Regarding the reference model of the bus lines (question 1), we can obtain it from the UBS file that contains the theoretical schedules. We select variants for each line, setting the variant and frequency codes as {case ID}, the stop code as {activity ID}, the hour of the stop as {timestamp}, and the rest of the data fields as {attributes} of the activity. Since variants have different directions corresponding to the sub-line, we obtain two sequential sections in each direction. The reference model must contain the same stops in the same order as the ones defined by the variant in the STM system, which is accessible from the website for a scheduled consultation.

Regarding users’ data on authentic trips of the bus lines (question 2), we can discover a travel model for a bus line from the TSB file. We filter by line and selected the variant, frequency, and day of the trip as {case ID}, the stop code as {activity ID}, the hour of each trip of each stop as {timestamp}, and the rest of the data fields as {attributes} of the activity. The number of events at each stop is the number of passengers boarding. Thus, loops represent multiple passenger boardings at the same stop. Unlike the reference model, the process is not linear since, in some frequencies, there are stops in which nobody boards. We can filter data by days (business days, Saturdays, Sundays, and holidays), day hours, seasons, type of user, company, etc.

Figure 2 (extracted from [1]) depicts examples of these two process models discovered in Disco for bus line 125, variant 667, which is the maximal variant in one direction. This bus line goes in one direction from the old city to the West, ending in Cerro Beach and returning in the other direction.

In this Figure, we can see: a) the bus line in the map taken from the STM schedules site8, b) an excerpt of the reference model (i.e., bus stops included in the line), and c) an excerpt of the STM trips within its frequencies.

Bus line 125 route

Fig. 2: Bus line 125 route from [1] with stops for the 667 variant: a) in the STM website bus schedule, b) excerpt of the reference model, and c) excerpt of the STM trips within its frequencies

From users’ data on actual trips of the bus lines (question 2), it could be possible to analyze load metrics after filtering and discovering the model.
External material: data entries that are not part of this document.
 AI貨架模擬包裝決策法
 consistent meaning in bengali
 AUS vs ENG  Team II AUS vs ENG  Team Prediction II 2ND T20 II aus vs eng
For example, it is possible to answer: At which stops do people not get on? At which stops do more people get on? At what times does the bus have more and fewer passengers? What happens to those lines in a particular area? Moreover, it is possible to answer performance questions such as: What is the total duration of the frequencies (on average, maximum, minimum)? Are there frequencies with delays? As an example, we present in Figure 3 the performance model for bus line 300 (one of its variants), which goes from the bottom of the city near the city center to the city’s north periphery, showing the delays in the transitions between stops of the bus line route, calculated with the actual trips data.

Bus line 300 route

Fig. 3: Bus line 300 route with stops for one of its variants: a) in the STM website bus schedule, b) and c) excerpt of performance models with delays in the transitions from the STM trips data.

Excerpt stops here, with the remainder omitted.